Sorry folks, still recovering from a production party
Operaman, you working anywhere yet, and if so you mind me askin where? Currently out in Santa Fe for the summer myself. I work as a tech though, I have no real interest in being on stage, no offense intended of course
To each their own.
At any rate, as suggested, I have heard good things about Ubuntu Studio. ELive actually does a decent job as well by default, I have been meaning to load it on a virtual machine and build a realtime kernel for it, haven't gotten around to it yet though. The default does decently though, and if you don't need realtime performance it can be worth looking at.
There are a few others, musix, 64studio, etc. For the time being I think your best bet will be Ubuntu Studio though, it ships with most of the software you will want.
The catch I think will be your audio interface. The Focusrite saffire is supported by freebob(Now FFADO) but the mixer and DSP onboard are not. It will be a straight audio interface if I understand correctly. I can only help you set up freebob so much though as I don't use it myself.
That can be a loaded question.
First and foremost you will need JACK (The audio connection kit) for most pro audio software on Linux. Jack acts as a kind of patch bay for all of your software, as well as providing things like transport control and sync. It is a very good thing to have, and to launch it I recommend you also get a hold of QJackCtl, which is pretty well the standard control for it. Also FreeBob acts as a backend interface for Jack instead of Alsa, to my knowledge there is no ALSA driver for Jack yet, it means we will need to look into other options for ALSA software(Can get to that more later)
The first software I would recommend you look at is Ardour. (www.ardour.org
Ardour is a recording/non-destructive editor. You CAN use Tape tracks for destructive recording if it is easier for you, but in general it is build for non-destructive recording and does it very well. It does not YET have Midi, however that is being developed as we speak in fact as part of Google's Summer of Code, so hopefully will be in before long.
RoseGarden is one to look at for Midi really. It is a Midi Sequencer, and some people love it. It falls short in audio though, so I don't use it much myself.
Muse kinda provides a middle ground between the two, at this point I haven't used it in some time, the last time I used it it wasn't as good at audio as Ardour, and wasn't as good at Midi as RoseGarden.
All in one programs... Not so much. As I mentioned Ardour will be getting Midi, and Muse takes on Both midi and audio. That is as close as you will get on linux probably, nothing with built in softsynths etc. The reason is a LOT of Linux is based around modularity in audio with Jack. Example...

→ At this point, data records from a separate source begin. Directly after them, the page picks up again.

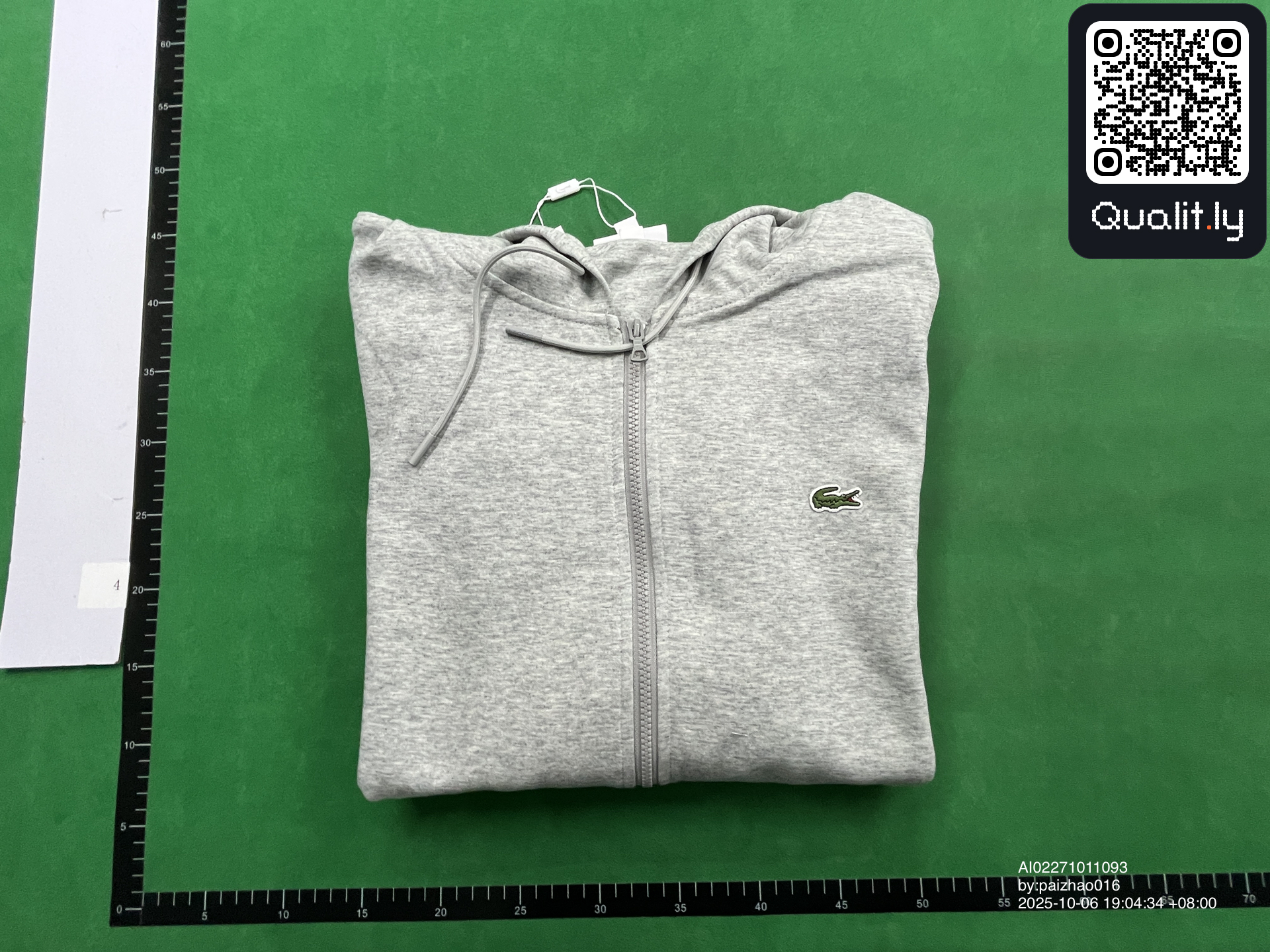 Hoodie QC photo 1 of 64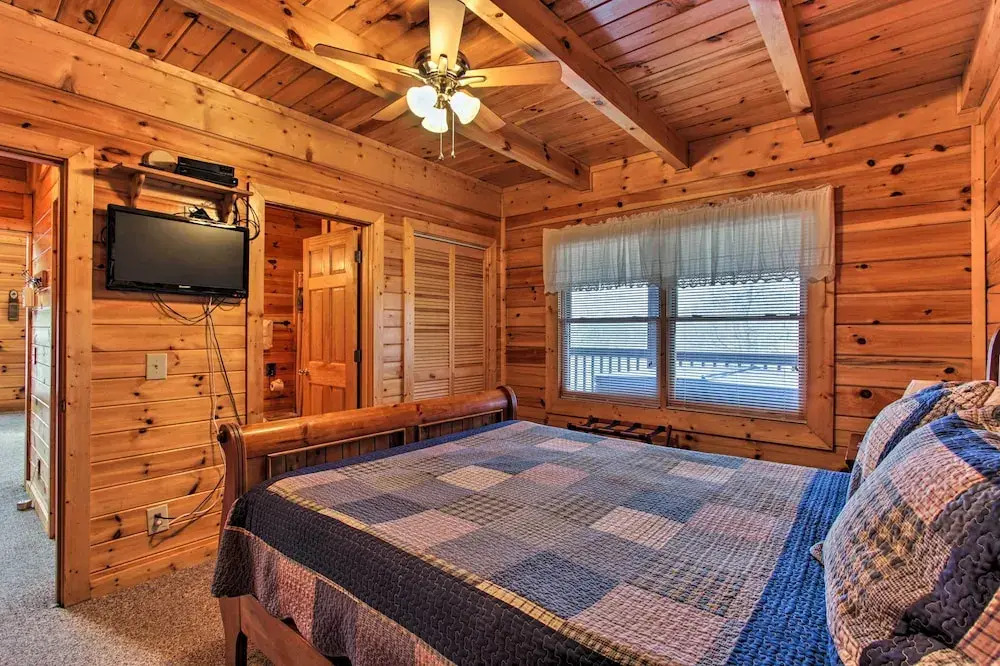 Rustic Sevierville Cabin w/ Covered Porch!
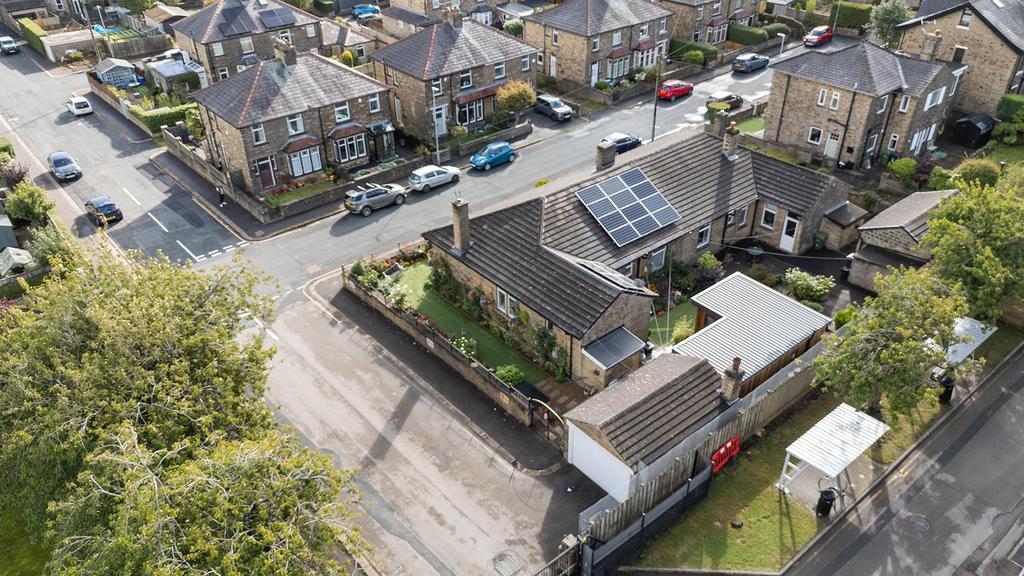 2 Linden Road, Elland 43 297.jpg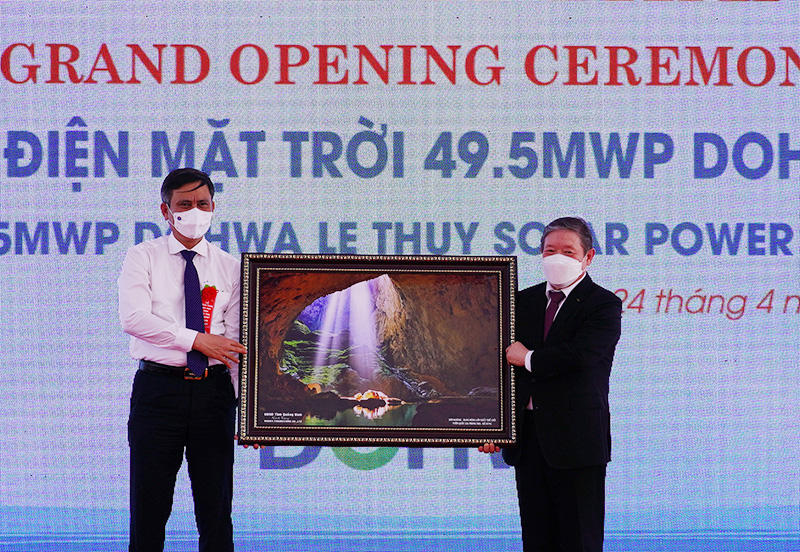 Đồng chí Chủ tịch UBND tỉnh Trần Thắng tặng quà lưu niệm cho chủ đầu tư Nhà máy điện mặt trời Dohwa Lệ Thủy.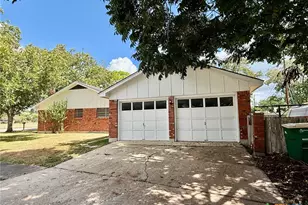 101 Longfellow Ln, Victoria, TX 77904 - Photo 2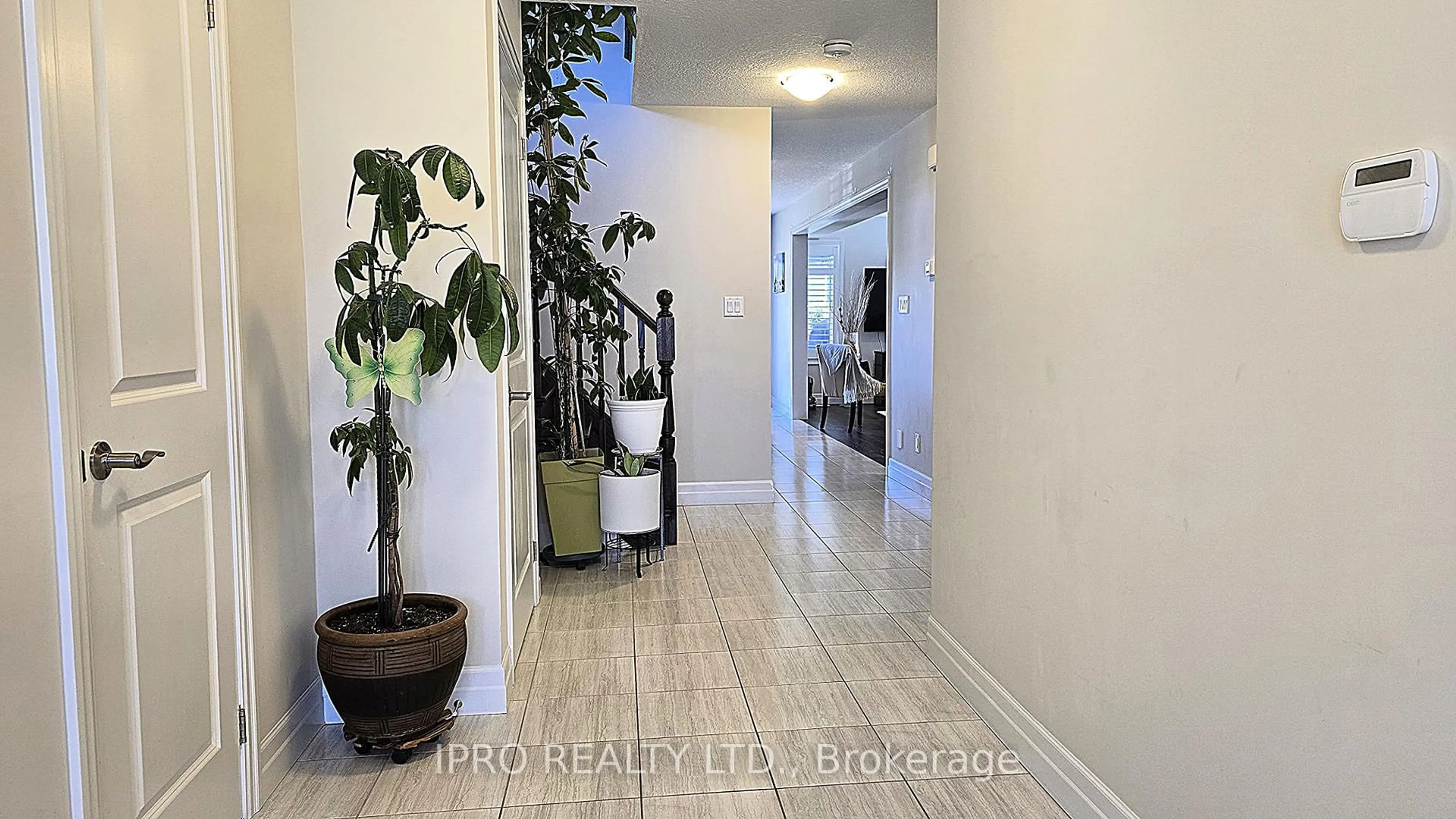Indoor entryway for 194 Bradshaw Dr, Stratford Ontario N5A 0G5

Suppose I want to record a softsynth like ZynAddSubFX... Assuming all hardware is up and running, and Jack is up and running. I would take my Midi Input and route it via Jack to ZynAddSubFX. I would then take the Audio output of that to Ardour. I would then take the audio output of Ardour, and route it to my interface audio output.
As I mentioned Jack acts as a large patchbay, and if you think of it like that it makes things much easier IMO. It also allows you to use all sorts of different tools in your tool chains.
I am afraid I am not as familiar with SoftSynths to be able to recommend any of these. As i mentioned above, ZynAddSubFX seems to be fairly popular so that is a possibiltiy I suppose.
Here are a few links to lists of software for you, the real problem with Linux is finding the software that does what you want, it is probably out there, but there is a LOT of choice out there(Part of the beauty of Linux at the same time).
First the always popular Wikipedia(Smaller list):http://en.wikipedia.org/wiki/Linux_audio_software
Next we have the Linux Audio Portal...http://portal.linuxaudio.org/
Specifically in this you might want to look at...http://apps.linuxaudio.org/
Which I believe has most of Dave's original list I believe on it, but just in case I believe it is still hosted here....http://sound.condorow.net/
As you can see there is a LOT of software out there. You will notice on the Linux Audio Portal a mailing list for Linux Audio Users, it can be a good place to get info, but always search the archives if you can first to see if someone else asked the same question.
So in short, I would recommend you try out Ubuntu Studio first and foremost, that will ship with most of the software you want I believe, and it is easy to install any new software you decide to try. Eventually you may decide you want more flexibility than what is offered by prebuilt binary distros, in which case Gentoo is your best bet, but many people find ones like Ubuntu Studio work well for them.